Je précise également que la culture de la canne à sucre en Martinique et à la Guadeloupe, qui est en AOC, n'utilise pas de pesticides. En outre, comme nous l'avons évoqué lors du débat d'hier, seuls deux produits et sept traitements sont autorisés pour la banane. Nous nous acheminons donc vers la production bio de la canne à sucre, du rhum et de la banane avec une montée en gamme et un positionnement sur un marché de niche. La concurrence avec les grands producteurs de l'Amérique latine comme United Food, nous oblige à améliorer nos productions de haut niveau. La banane française et européenne est ainsi soucieuse des droits de l'homme et de la protection de l'environnement. Nous sommes également attachés à veiller à la propreté des cultures et des terrains sur lesquels nos bananes sont cultivées, quand bien même le fruit, planté sur une terre polluée, n'est pas atteint. Une telle démarche de propreté des sols se retrouve également dans la production florale.

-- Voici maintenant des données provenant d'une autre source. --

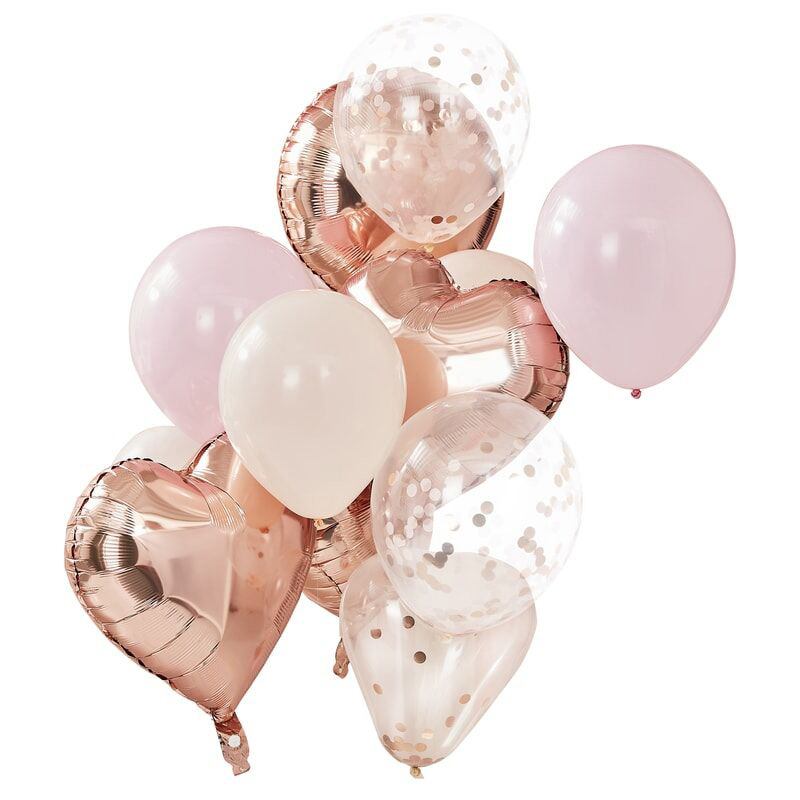 Bouquet 12 Ballons - Rose, Pêche & Rose Gold pour l'anniversaire de votre  enfant - Annikids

Un travail important est réalisé localement et les gens sont conscients de la nécessité de bannir le chlordécone des cultures. Je signale qu'aujourd'hui, de nombreux documents attestent de la montée du cancer de la prostate chez les hommes et l'on s'interroge sur l'usage des pesticides comme possible source d'une telle mortalité. Il ne faut pas s'arrêter aux rumeurs et étudier sérieusement la question en se demandant pourquoi ce cancer est la première cause de mortalité à la fois chez les Noirs américains comme aux Antilles.

En réponse à une autre question soulevée par Joël Labbé, de nombreuses recherches sont conduites en Martinique sur les variétés et les espèces. N'oublions pas qu'en zone tropicale humide les conditions climatiques sont très différentes de l'Europe continentale.

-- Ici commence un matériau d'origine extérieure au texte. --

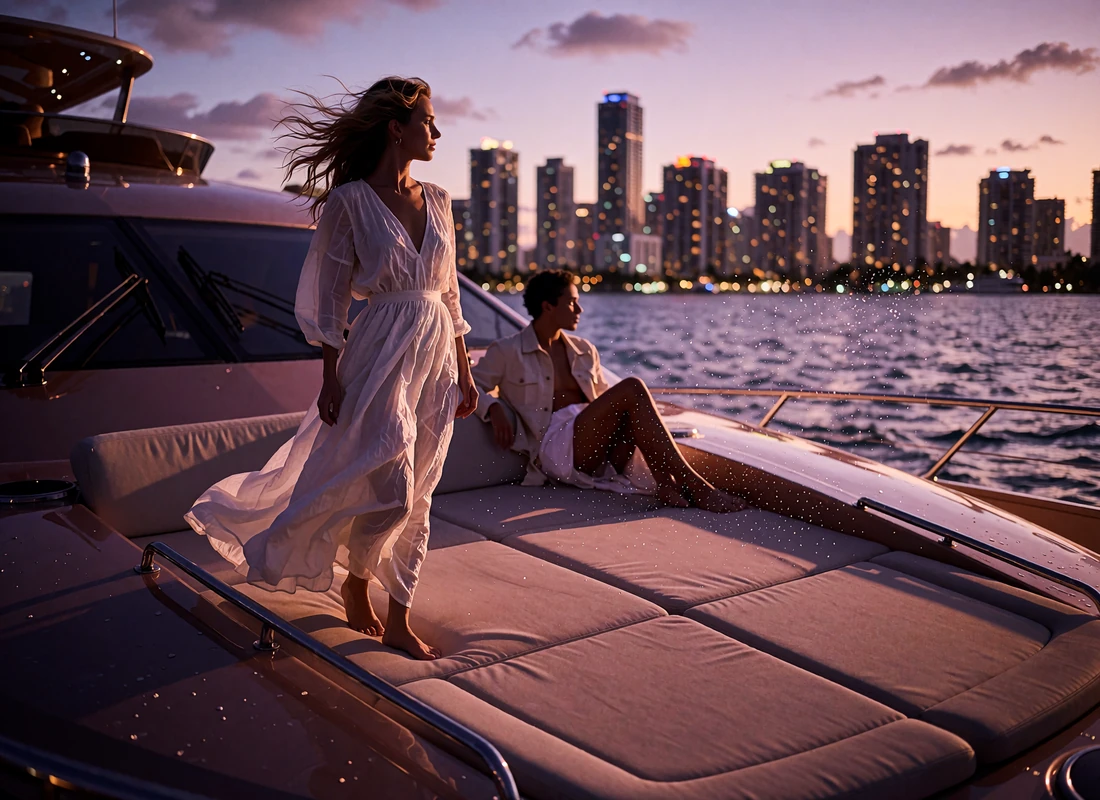 Woman in a white dress standing on the deck of a private yacht crossing Biscayne Bay at dusk with the downtown Miami skyline behind her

Les Ultramarins ont à coeur de produire des produits de qualité et nous attendons que l'Hexagone se comporte comme l'Espagne qui consomme d'abord les produits des Canaries, à l'instar de leur banane locale qui bénéficie d'un prix constant toute l'année. C'est là un comportement citoyen dont nous ferions bien de nous inspirer.

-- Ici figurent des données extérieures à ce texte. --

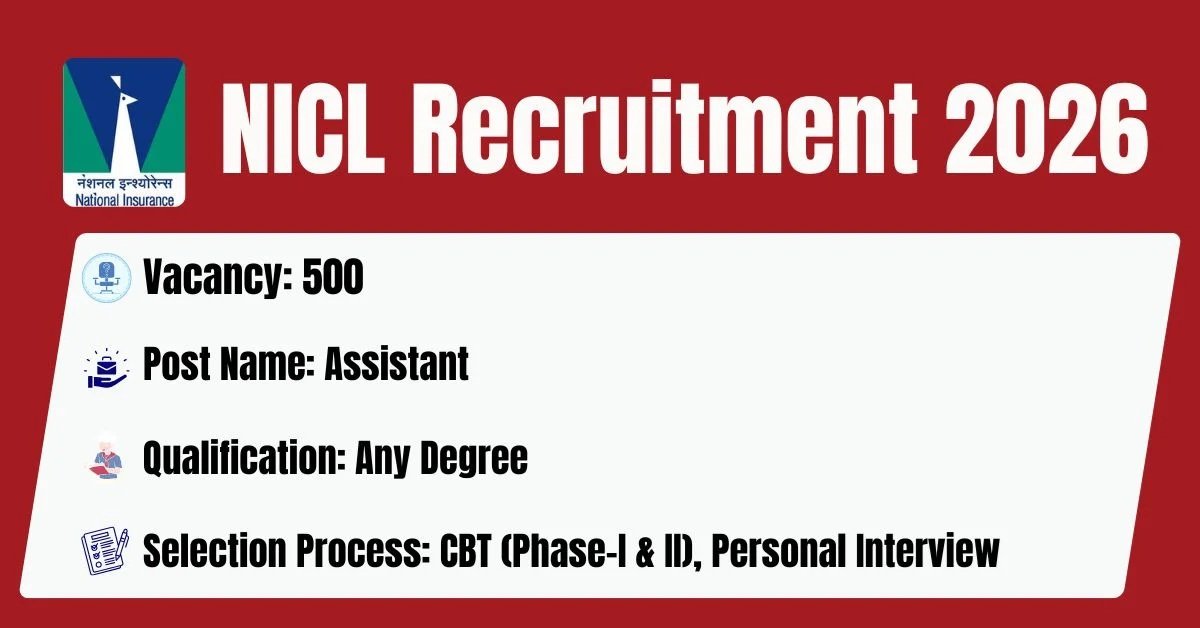 NICL Recruitment Notification 500 Assistant Posts 2026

J'en reviens à l'analyse budgétaire stricto sensu. Les crédits alloués au outre-mer l'État ne se limitent pas aux deux milliards d'euros du budget que nous examinons. En totalisant l'ensemble des missions on atteint quinze milliards et le document « orange » de politique transversale retrace cet effort de l'État.

Le projet de loi sur l'égalité réelle outre-mer est bienvenu mais, ne nous privons pas de le dire sur le ton de la plaisanterie, il arrive un peu tard car je rappelle que nous sommes départements français depuis soixante-dix ans et la départementalisation était le résultat d'un combat pour l'égalité. Les Caribéens se sont d'abord battus pour la liberté en brisant le joug de l'esclavage et il nous a fallu attendre longtemps pour obtenir l'égalité de droit.